Sticking Landlords With the Bill
Add comment March 10th, 2008
I caught up this morning with Rep. Harry Osterman, a Chicago Democrat spearheading legislation to make landlords pay for the cost of housing tenants when the landlord’s property is condemned.
Rep. Chuck Jefferson, D-Rockford, is co-sponsoring the measure, and the mayor’s office is backing it, as the Register Star reported this morning.
“If a municipality takes an action against a building with condemnation or makes a ruling on safety hazards, and the people are forced to vacate the building because it is deemed unhealthy by the municipality, many of these people don’t have the means to go and find another place to live. They’re going to go live with their relatives,” Osterman told me by phone.
“So what we want to do is have this individual slumlord or landlord, who’s responsible for this building, pay to move someone to another place to live. If for whatever reason that (landlord) is not able to do that, we would enable municipalities to front-end those costs, and then to try to get them back through a civil action against the landlord. The bottom line is what we’re trying to do is if there are renters, who through no fault of their own are in a building that is in disrepair and has been condemned, we want to make sure they have some kind of protections.”
Osterman’s bill:
The landlord would need to pay each displaced tenant $2,000 per unit or three times the monthly rent, whichever is greater, plus the tenant’s deposit, interest and prepaid rent, within seven days of getting a condemnation notice, under the bill.

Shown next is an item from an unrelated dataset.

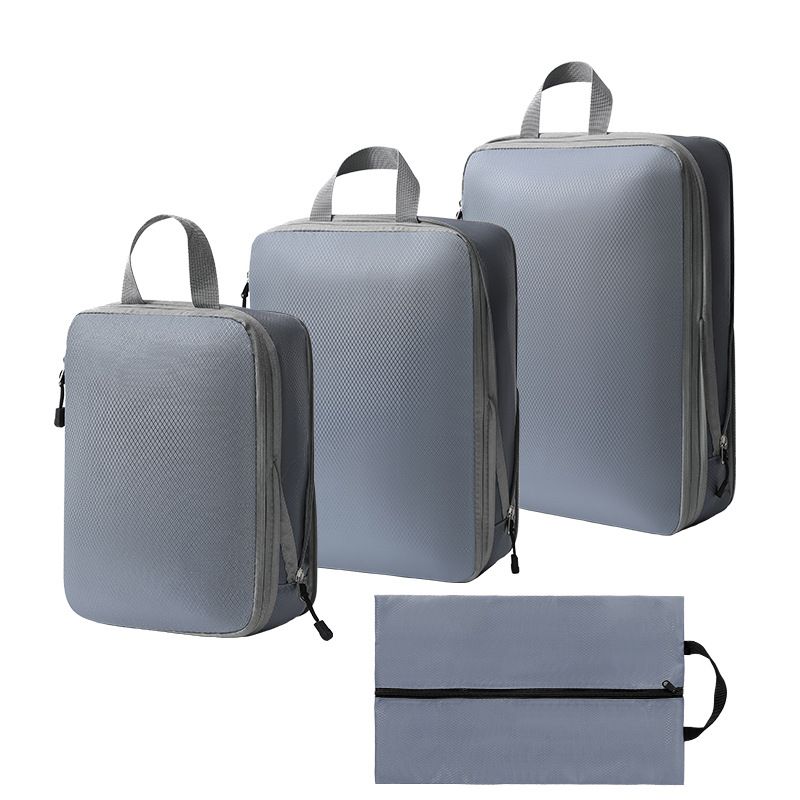 Travel Packing Cubes Set, Grey Luggage Organiser Bags for Camping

Critics complain that the measure doesn’t recognize the possibility that a tenant may have caused the damage to a rental unit, prompting the city to condemn it. Osterman said he is prepared to negotiate a provision making that clear.
“What I have committed to do is to work with them to strengthen that provision, to very explicitly and flesh out in an amendment, that this is not the tenant’s fault, but this is something due to the inaction of the owner,” he said.